One architectural change rarely exists in isolation.

When a wall is added, removed, or modified, the surrounding environment is often affected as well.

Instead of stopping after a single correction, the assistant analyzes nearby architectural elements and identifies additional locations that should be reviewed.

This allows architects to validate a broader set of recommendations while keeping full control over every decision.

The goal is not to automate design decisions blindly, but to surface connected opportunities that would otherwise require manual investigation.

SWAPP.AI related changes detection step 04
SWAPP.AI related changes detection step 05
SWAPP.AI related changes detection step 06

Building Trust Through Explainable AI

Making AI recommendations understandable, reviewable, and reliable

The success of this product depended on more than accurate AI predictions. It depended on helping architects understand what the system was doing, why it reached each recommendation, and when human judgment was still required.

Instead of hiding complexity behind automation, every interaction was designed to make the assistant's reasoning visible. Recommendations were introduced progressively, supported with contextual explanations, and always presented as reviewable actions rather than automatic decisions.

This approach encouraged confidence without removing control. Architects could move faster while remaining responsible for every meaningful design decision.

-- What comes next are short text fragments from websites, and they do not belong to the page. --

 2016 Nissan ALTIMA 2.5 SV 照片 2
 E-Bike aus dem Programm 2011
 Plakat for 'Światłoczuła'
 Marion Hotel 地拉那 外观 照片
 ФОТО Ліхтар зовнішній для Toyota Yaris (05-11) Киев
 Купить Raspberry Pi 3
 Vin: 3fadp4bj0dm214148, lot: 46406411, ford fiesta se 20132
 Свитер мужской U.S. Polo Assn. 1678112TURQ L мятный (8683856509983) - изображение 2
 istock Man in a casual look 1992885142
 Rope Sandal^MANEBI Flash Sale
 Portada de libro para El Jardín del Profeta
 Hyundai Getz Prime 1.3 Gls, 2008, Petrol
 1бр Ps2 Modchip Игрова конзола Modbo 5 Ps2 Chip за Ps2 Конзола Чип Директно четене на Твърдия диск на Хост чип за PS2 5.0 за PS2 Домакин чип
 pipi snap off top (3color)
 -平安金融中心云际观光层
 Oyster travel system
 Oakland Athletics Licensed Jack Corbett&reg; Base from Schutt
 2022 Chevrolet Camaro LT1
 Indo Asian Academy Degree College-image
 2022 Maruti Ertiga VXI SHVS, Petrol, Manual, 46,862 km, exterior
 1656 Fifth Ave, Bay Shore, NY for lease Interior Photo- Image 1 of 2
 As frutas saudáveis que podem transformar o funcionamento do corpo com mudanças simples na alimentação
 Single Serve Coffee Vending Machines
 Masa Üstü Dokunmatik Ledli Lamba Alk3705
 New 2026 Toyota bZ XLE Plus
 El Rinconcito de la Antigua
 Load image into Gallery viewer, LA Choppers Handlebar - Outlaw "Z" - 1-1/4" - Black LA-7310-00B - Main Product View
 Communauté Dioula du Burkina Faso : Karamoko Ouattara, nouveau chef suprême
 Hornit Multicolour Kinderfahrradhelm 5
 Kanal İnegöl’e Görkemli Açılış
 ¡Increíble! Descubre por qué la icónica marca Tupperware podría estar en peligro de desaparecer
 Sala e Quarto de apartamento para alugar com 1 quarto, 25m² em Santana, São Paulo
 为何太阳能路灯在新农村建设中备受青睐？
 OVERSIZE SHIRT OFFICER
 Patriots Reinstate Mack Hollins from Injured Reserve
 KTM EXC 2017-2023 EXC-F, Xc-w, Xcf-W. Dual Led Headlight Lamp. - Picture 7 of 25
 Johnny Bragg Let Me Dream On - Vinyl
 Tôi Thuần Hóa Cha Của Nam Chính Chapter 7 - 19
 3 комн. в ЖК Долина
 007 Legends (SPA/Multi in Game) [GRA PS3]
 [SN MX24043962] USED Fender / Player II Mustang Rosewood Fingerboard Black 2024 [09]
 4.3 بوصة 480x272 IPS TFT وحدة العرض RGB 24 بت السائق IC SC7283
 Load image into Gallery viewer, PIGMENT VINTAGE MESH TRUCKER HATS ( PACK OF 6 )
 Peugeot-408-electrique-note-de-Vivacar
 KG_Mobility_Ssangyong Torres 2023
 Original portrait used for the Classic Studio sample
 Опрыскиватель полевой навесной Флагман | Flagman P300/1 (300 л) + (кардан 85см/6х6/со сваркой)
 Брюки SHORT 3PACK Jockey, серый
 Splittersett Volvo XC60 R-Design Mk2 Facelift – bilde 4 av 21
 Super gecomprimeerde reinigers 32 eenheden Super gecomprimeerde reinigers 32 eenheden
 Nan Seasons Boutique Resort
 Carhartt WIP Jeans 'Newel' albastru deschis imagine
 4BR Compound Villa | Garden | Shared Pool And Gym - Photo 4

Designing explainable interactions proved just as important as designing intelligent ones. Trust was built through clarity, transparency, and predictable system behavior, not through automation alone.

Building Trust in AI Collaboration

Designing transparency without sacrificing efficiency

Throughout the project, one principle consistently guided every design decision: architects should always understand what the AI is doing and why.

Instead of hiding complex logic behind automation, the interface exposes the assistant's reasoning through progressive feedback, contextual explanations, and reviewable recommendations.

Every interaction was designed to balance speed with confidence, enabling architects to work faster without losing visibility or control. The assistant analyzes architectural intent, detects related opportunities, and surfaces meaningful recommendations, while leaving every important decision in the architect's hands.

This approach transformed AI from an unpredictable automation tool into a collaborative design partner, one that supports professional judgment instead of replacing it.

The result is a collaborative experience that reduces repetitive work, increases confidence in AI-assisted workflows, and allows architects to focus on higher-value design decisions.